For frame offset functions everything is relative to frame borders. We have three functions of this type. – FIRST_VALUE will return the first value in the frame. – NTH_VALUE will return the NTH value in the frame, from the start of a frame. – LAST_VALUE will return the last value in the frame.
For frame offset functions, we always need to have frame. If 6 is the month in the current row, then the frame is between 4th and 8th month. Now that we know the frame size and position, it is easy to see that the first value in this frame is 5.
SELECT "Month", Value, FIRST_VALUE(Value) OVER (ORDER BY "Month" RANGE BETWEEN 2 PRECEDING AND 2 FOLLOWING) FROM offsetTable ORDER BY "Month";
If we omit frame definition, the default frame RANGE BETWEEN UNBOUNDED PRECEDING AND CURRENT ROW will be used. Be aware of this and always define frame.
SELECT "Month", Value, LAST_VALUE(Value) OVER (ORDER BY "Month") FROM offsetTable ORDER BY "Month";
Frame offset functions can work with partitions.
We should always order rows inside frame with ORDER BY. Frame offset functions can work without ORDER BY, but the results will be unpredictable and meaningless.
NTH_VALUE Function
NTH_VALUE function has another argument which tells how many steps to move from the start of a frame. In the example bellow, our frame is the whole partition. Forth number in the "value" column is number 5. That number will be the result of this window function. SELECT "Month", Value, NTH_VALUE(Value,4) OVER (ORDER BY "Month" ASC RANGE BETWEEN UNBOUNDED PRECEDING AND UNBOUNDED FOLLOWING) FROM offsetTable ORDER BY "Month";
If the second argument is omitted, default value will not be one, but the error will be raised.
The value of that second argument can not be negative.
We can use partitions with NTH_VALUE. You should always provide frame definition, and you should have ORDER BY for your frame.
Difference From SQL Standard
IGNORE NULLS is not supported in MonetDB for the functions FIRST_VALUE, LAST_VALUE and NTH_VALUE.
With IGNORE NULLS we would be able to not count nulls, but this is not supported in MonetDB. SELECT "Month", Value, NTH_VALUE(Value,3) IGNORE NULLS --not supported OVER (ORDER BY "Month" ASC RANGE BETWEEN UNBOUNDED PRECEDING AND UNBOUNDED FOLLOWING) FROM offsetTable ORDER BY "Month";
NTH_VALUE can not use subclause FROM LAST. This would allow to count steps from the end of the frame, and not from the start. But this is not supported in MonetDB.

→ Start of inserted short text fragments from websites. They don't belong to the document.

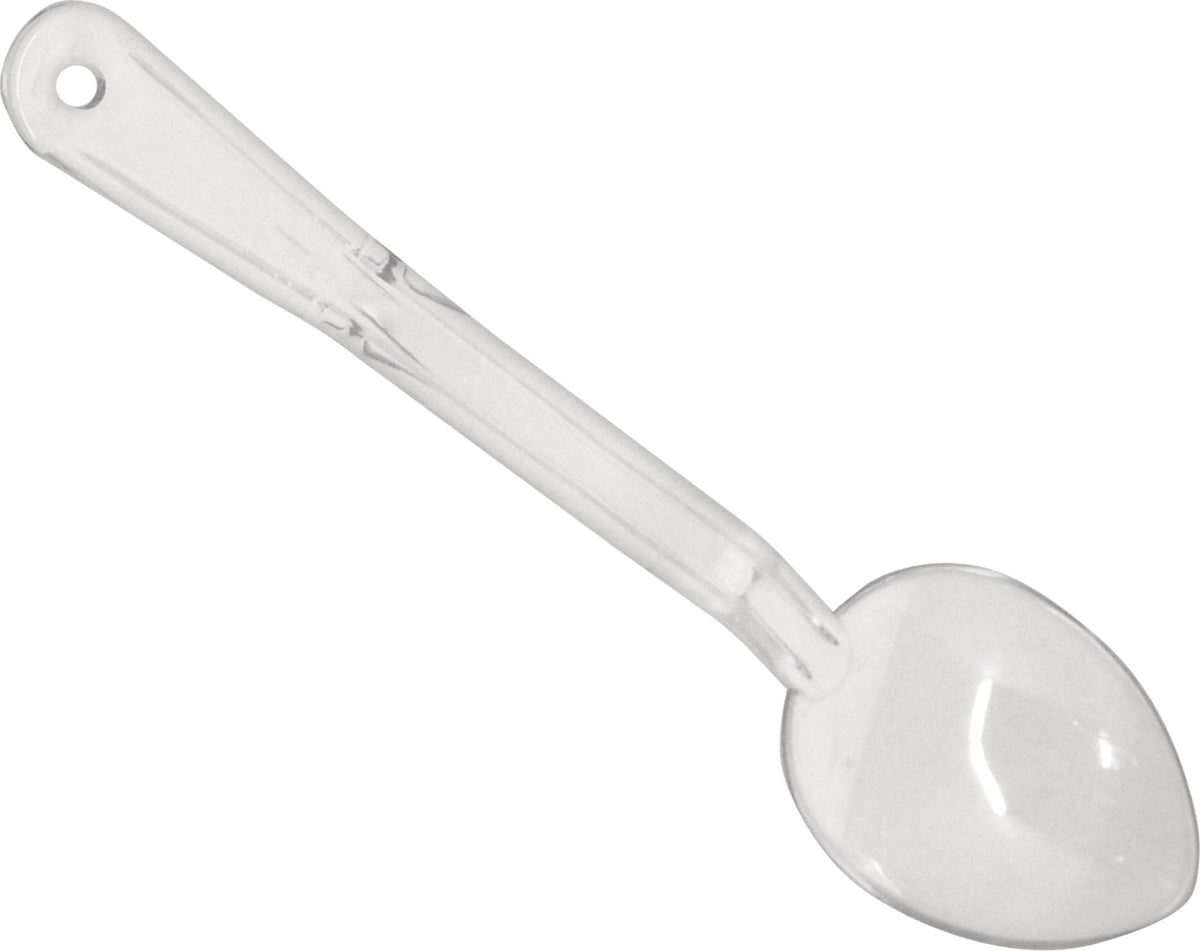 Omcan - 11" Clear Serving Spoon, Pack of 50 - 85098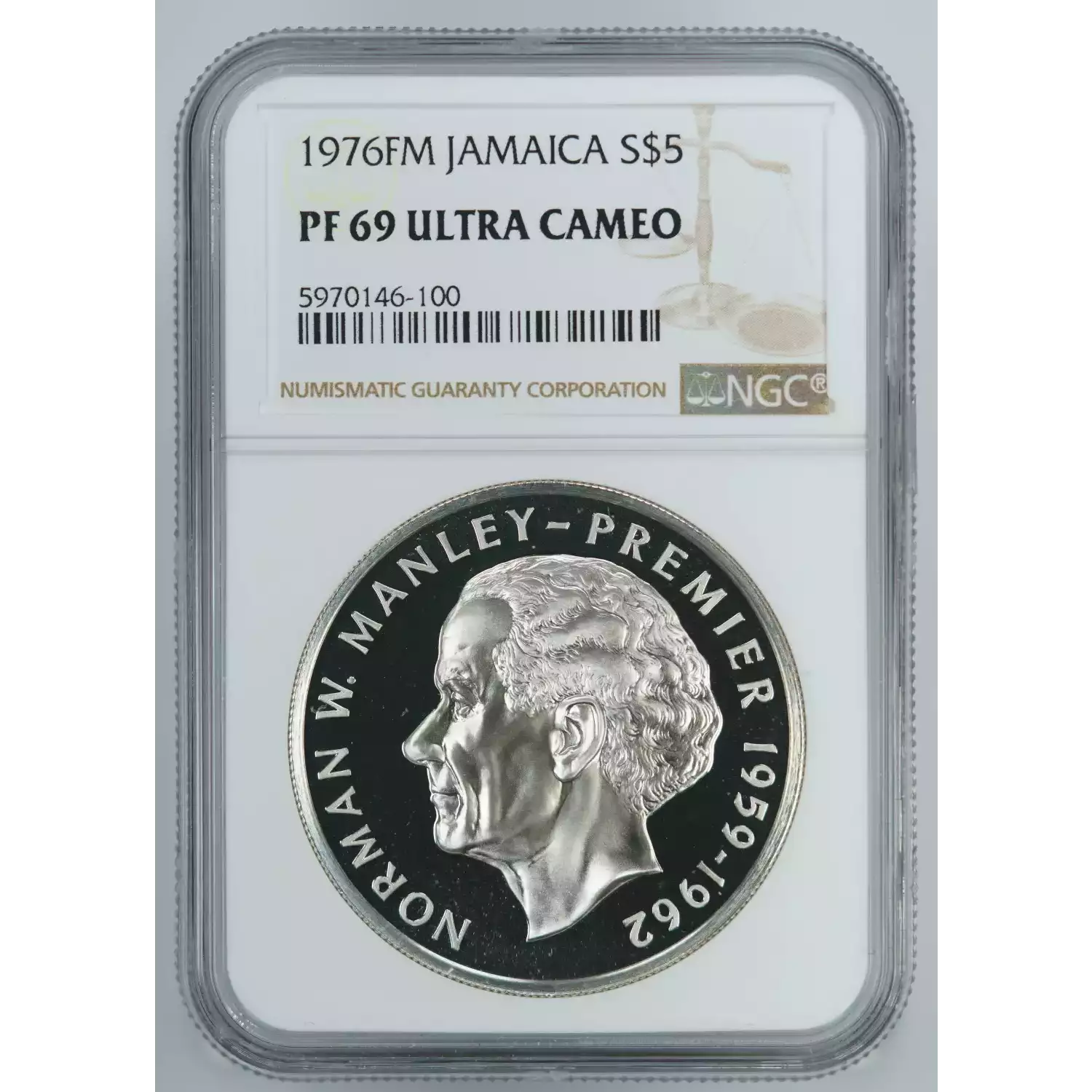 JAMAICA Silver 5 DOLLARS
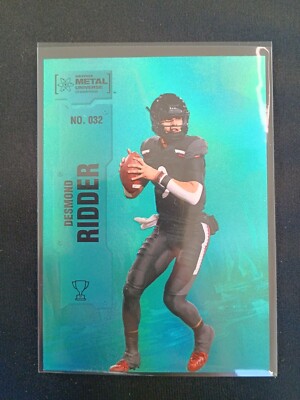 2022 Skybox Metal Universe Champions Desmond Ridder #032 Aqua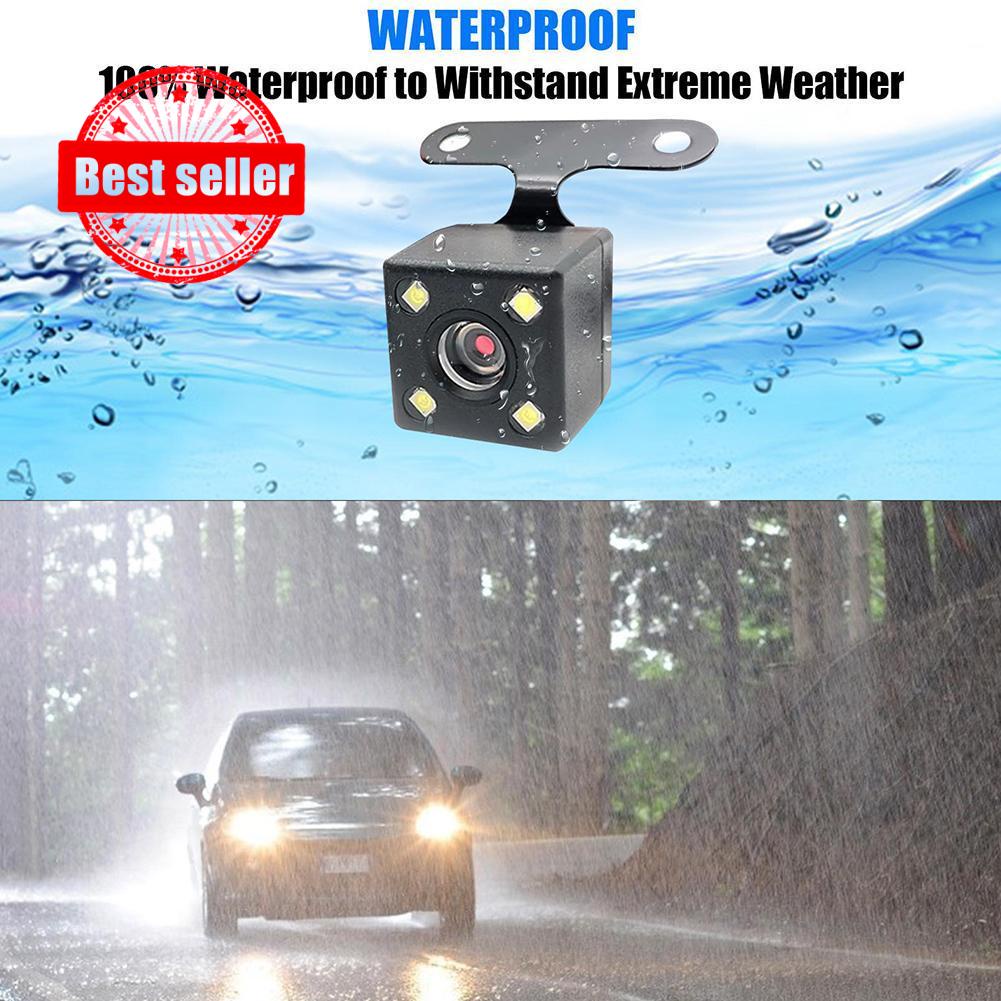 5 Pin HD Car Rear View Camera Reverse 4LED Night Vision Wide Angle ...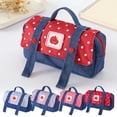 thumbnail image 5 of C Cute Apple Denim Pencil Case Large Capacity Handheld Durable Stationery Bag For School Students, 5 of 5
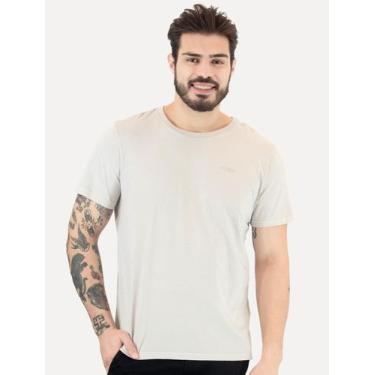Imagem de Camiseta Ellus Masculina Cotton Fine Grunge Gothic Classic Off-White, 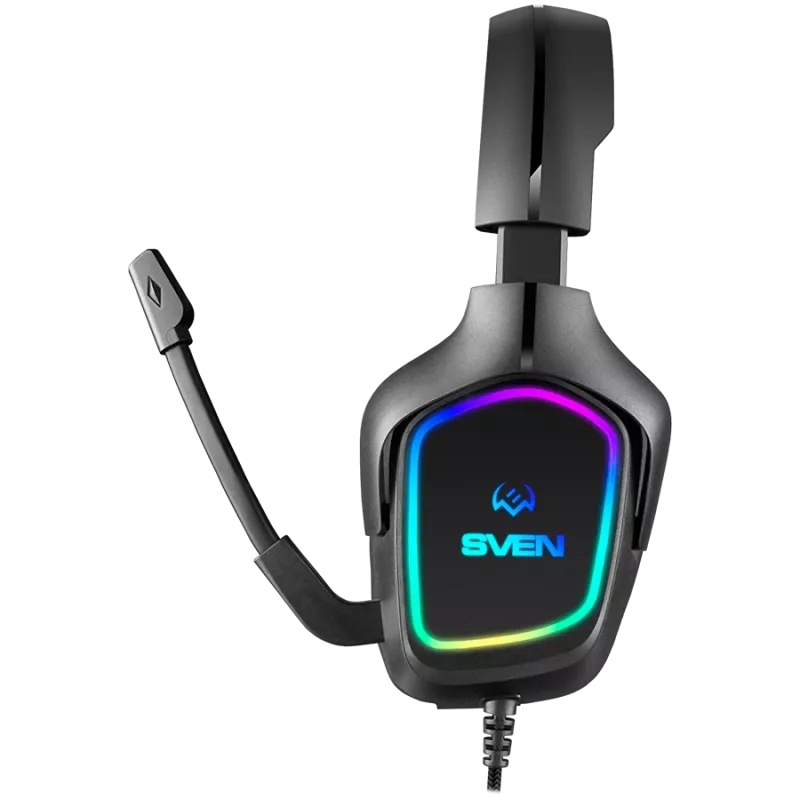 Peliheadset mikrofonilla AP-U750MV, musta (USB, RGB)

SELECT "Month", Value, NTH_VALUE(Value,2) FROM LAST --not supported OVER (ORDER BY "Month" ASC RANGE BETWEEN UNBOUNDED PRECEDING AND UNBOUNDED FOLLOWING) FROM offsetTable ORDER BY "Month";
We actually don't need "FROM LAST" subclause. It is enough to change ORDER BY to descending, and we would get the same result as with "FROM LAST". SELECT "Month", Value, NTH_VALUE(Value,2) OVER (ORDER BY "Month" DESC RANGE BETWEEN UNBOUNDED PRECEDING AND UNBOUNDED FOLLOWING) FROM offsetTable ORDER BY "Month";
For each row in Excel we know its row number. On the image we can see that in Excel, in front of column "A", we have a "column" with row numbers.
We can create the same column, with row numbers, in MonetDB, by using ROW_NUMBER() window function. There are two more similar functions in MonetDB, and those are RANK() and DENSE_RANK().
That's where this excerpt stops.